**What you are asked to do:** Transcribe the full listing without changing a word, and omit its pictures.

**Information provided:**
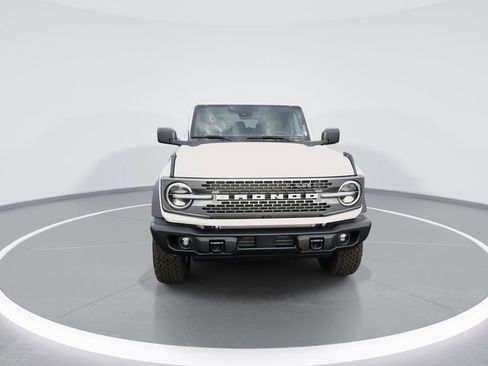 New 2025 Ford Bronco Badlands image 3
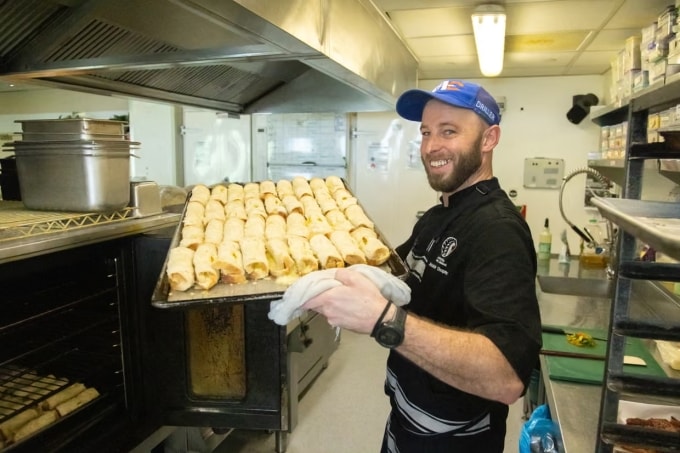 Đầu bếp Al Chapman cùng mẻ bánh cuộn phô mai dành cho nhân viên tại Trạm Scott của New Zealand ở Nam Cực. Ảnh: Anthony Powell / Antarctica New Zealand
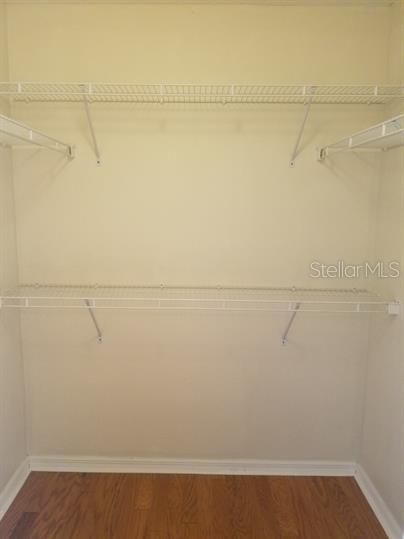 For Rent: $1,900 (4 beds, 2 baths, 2215 Square Feet)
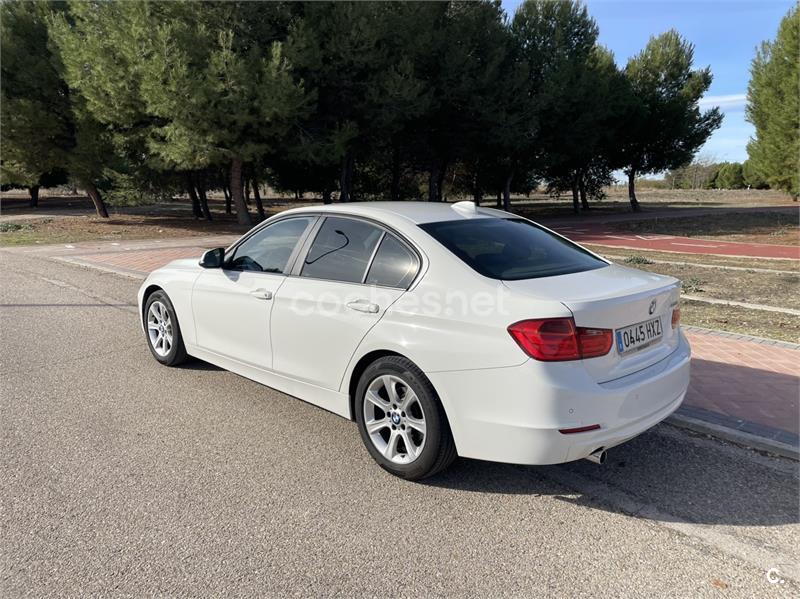 BMW Serie 3 318d Essential Edition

**Result:**
 New 2025 Ford Bronco Badlands image 3
 Đầu bếp Al Chapman cùng mẻ bánh cuộn phô mai dành cho nhân viên tại Trạm Scott của New Zealand ở Nam Cực. Ảnh: Anthony Powell / Antarctica New Zealand
 For Rent: $1,900 (4 beds, 2 baths, 2215 Square Feet)
 BMW Serie 3 318d Essential Edition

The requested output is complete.